What to do ▸ Write every entry out again exactly, please, and skip the pictures.
==== Listed entries
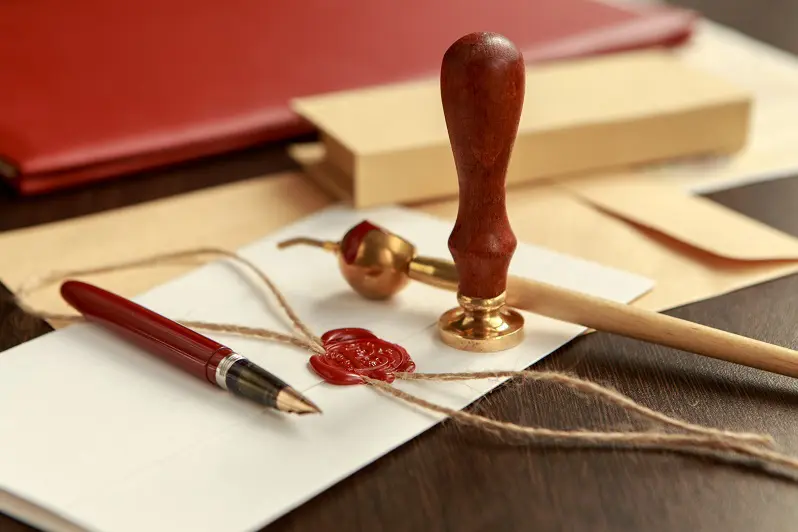 Role and Benefits of a Notary Public Dubai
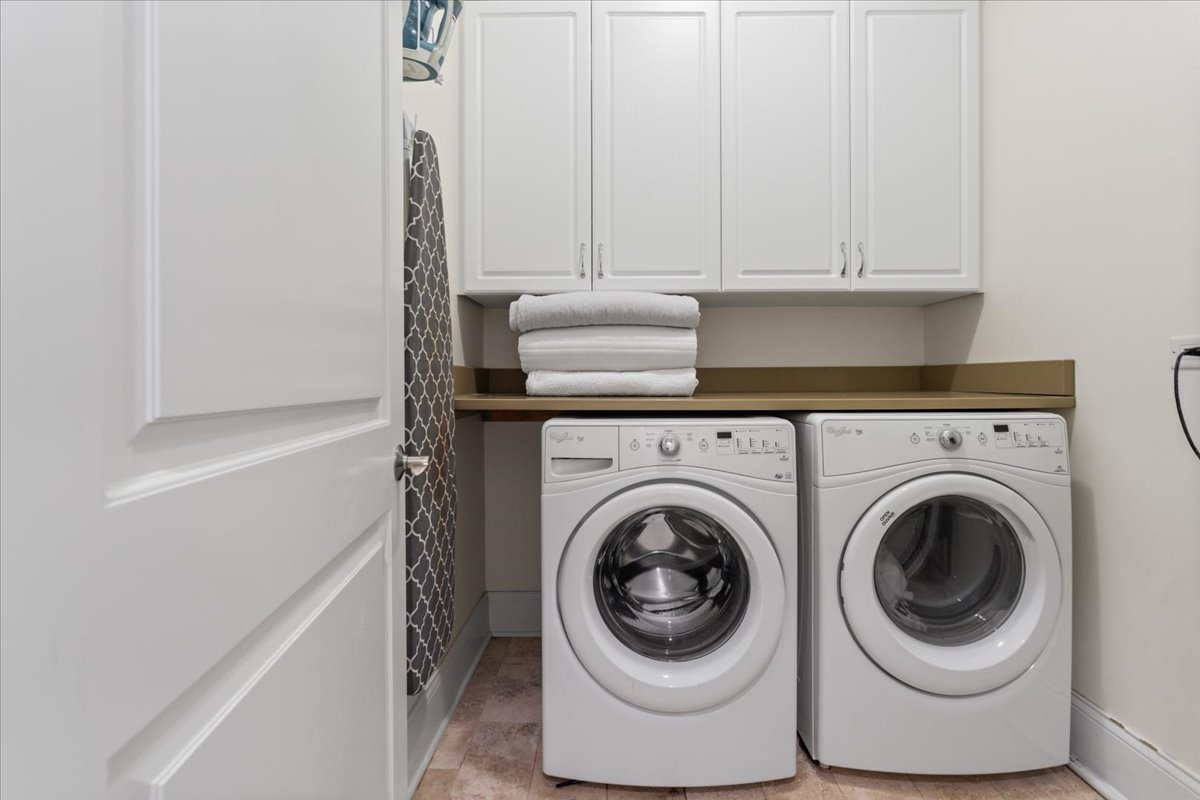 3048 N RACINE Avenue Unit: 1N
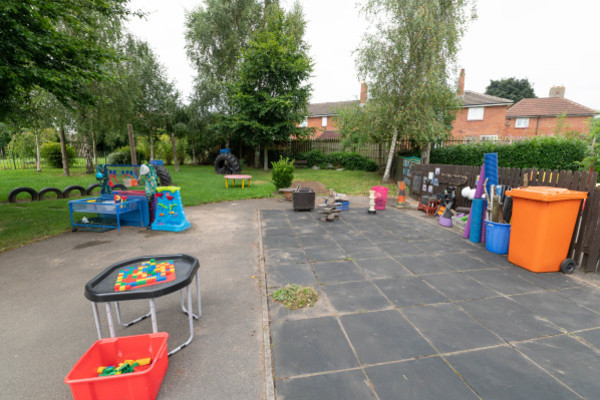 Little Owls Nursery Middleton Laurel Bank Under 3's, 100 Middleton Park Avenue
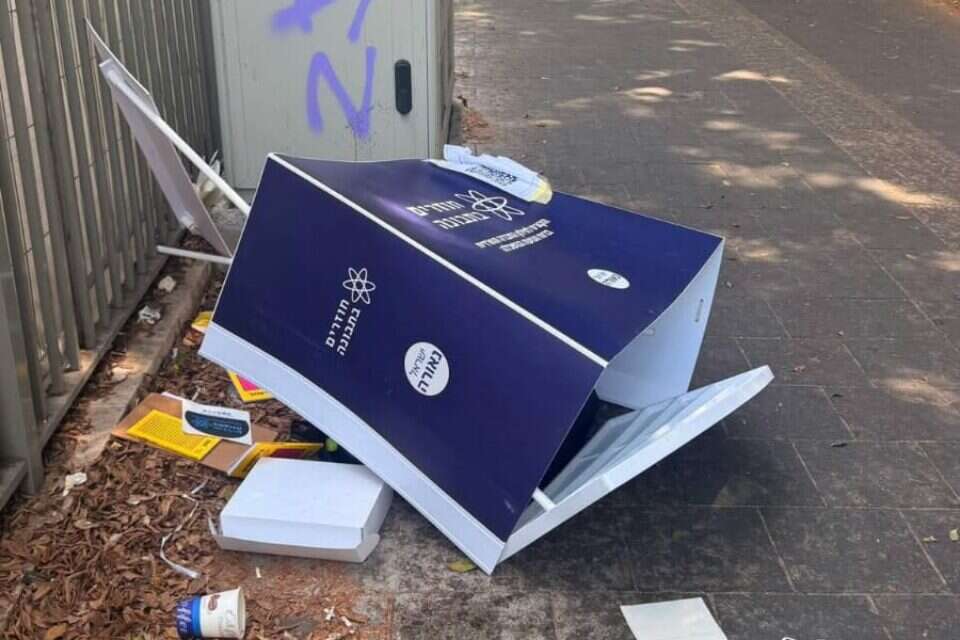 דוכן של "חזורים בתבונה" שנפגע בתל אביב, ארכיון , מתוך פייסבוק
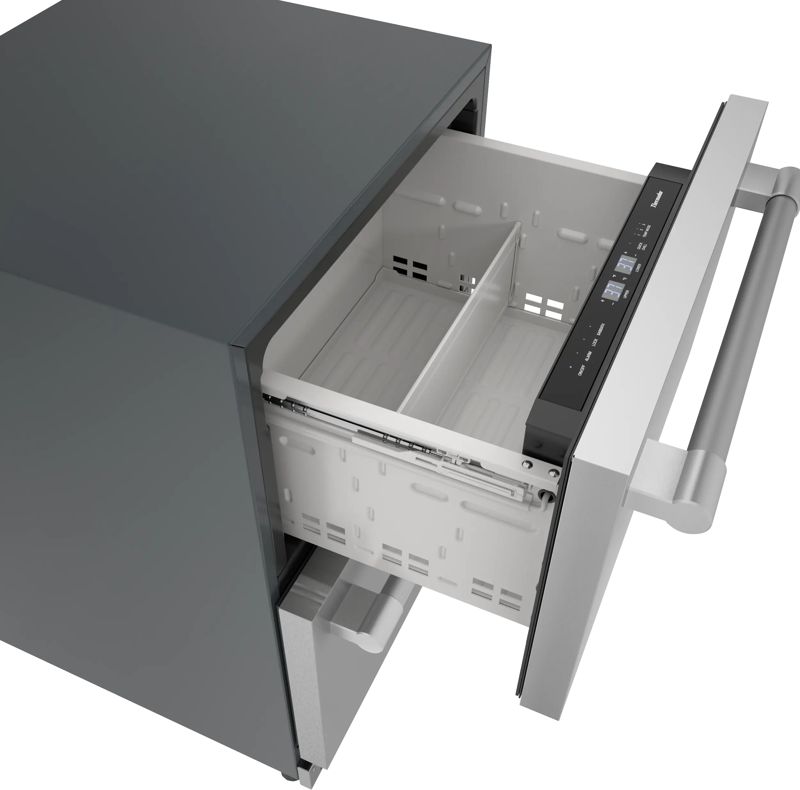 Thermador T24UR925DS, model T24UR925DS — refrigeration specified and installed by iKitchen Cabinetry, view 3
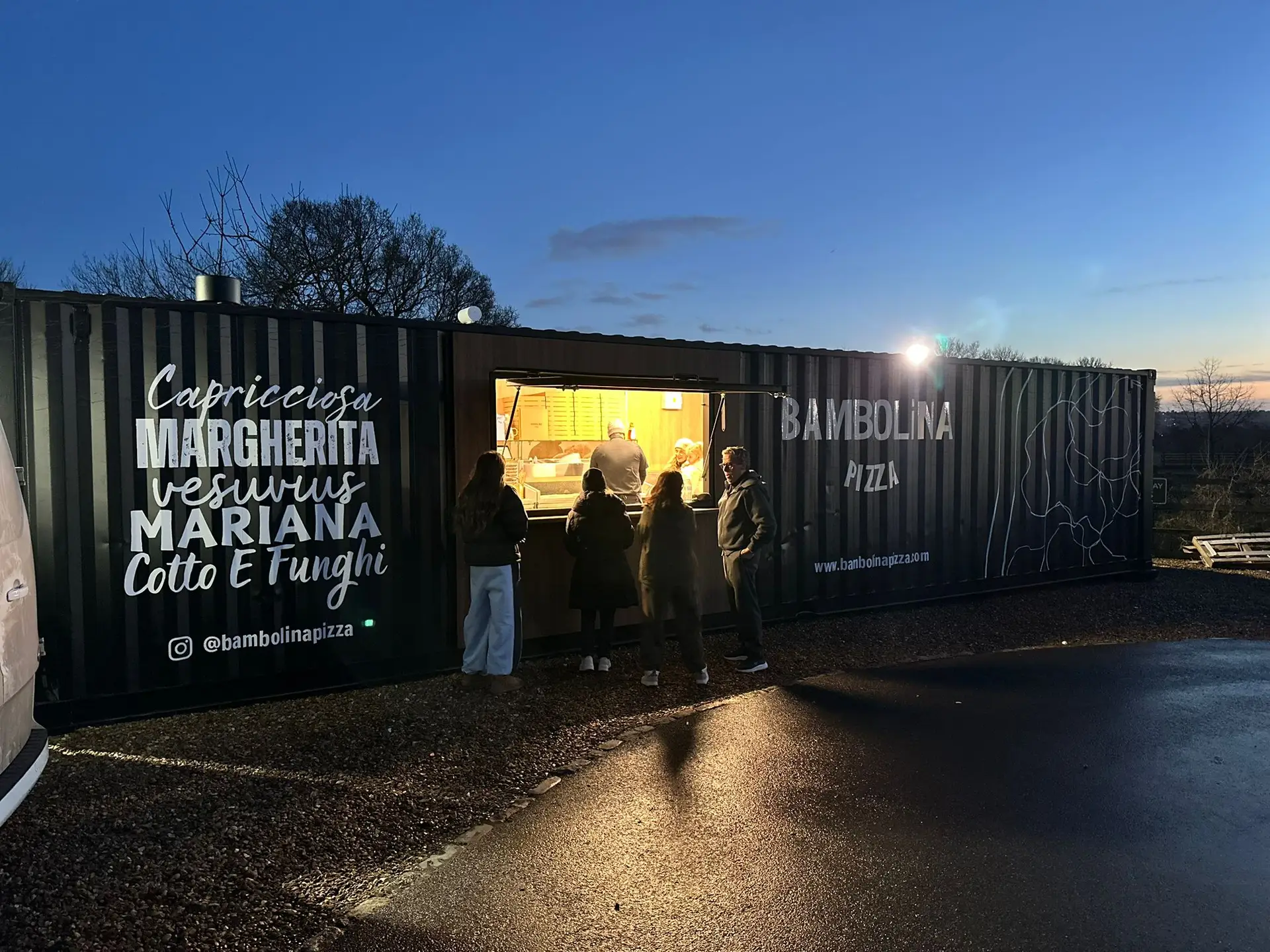 bambolina pizza launches at battlers green farm radlett hertfordshire pre-bookings from 2pm and open from 5pm to 10pm for pick up 9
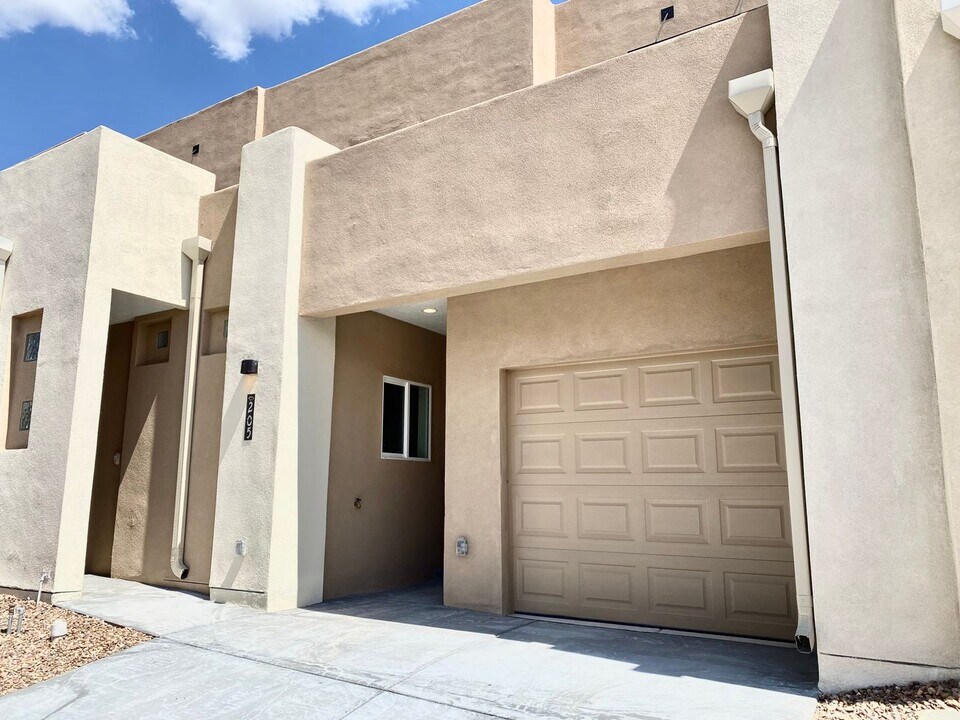 205 San Clemente Ave NW in Albuquerque, NM - Building Photo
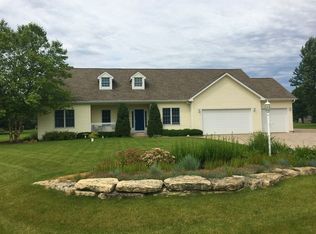 1905 Spring Ct, Spring Grove, IL 60081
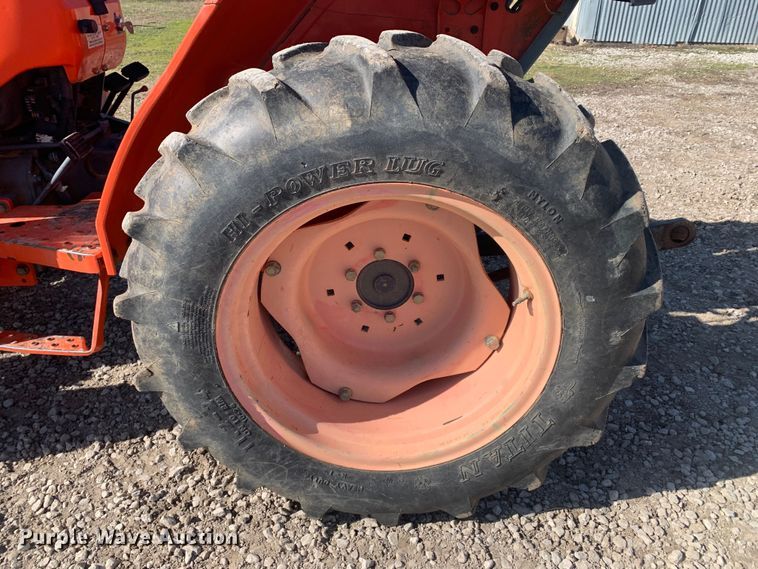 image for item MM9724 Kubota L3400  MFWD tractor
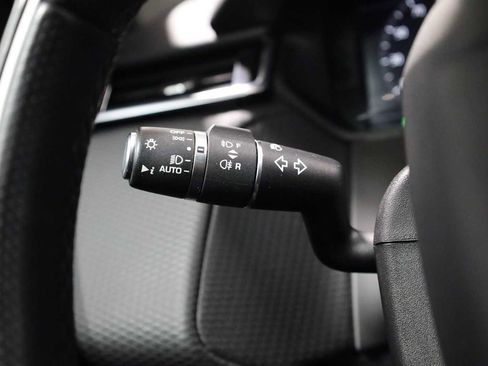 Used 2018 Land Rover Range Rover Velar R-Dynamic SE image 29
========
Solution for this task ▸
 Role and Benefits of a Notary Public Dubai
 3048 N RACINE Avenue Unit: 1N
 Little Owls Nursery Middleton Laurel Bank Under 3's, 100 Middleton Park Avenue
 דוכן של "חזורים בתבונה" שנפגע בתל אביב, ארכיון , מתוך פייסבוק
 Thermador T24UR925DS, model T24UR925DS — refrigeration specified and installed by iKitchen Cabinetry, view 3
 bambolina pizza launches at battlers green farm radlett hertfordshire pre-bookings from 2pm and open from 5pm to 10pm for pick up 9
 205 San Clemente Ave NW in Albuquerque, NM - Building Photo
 1905 Spring Ct, Spring Grove, IL 60081
 image for item MM9724 Kubota L3400  MFWD tractor
 Used 2018 Land Rover Range Rover Velar R-Dynamic SE image 29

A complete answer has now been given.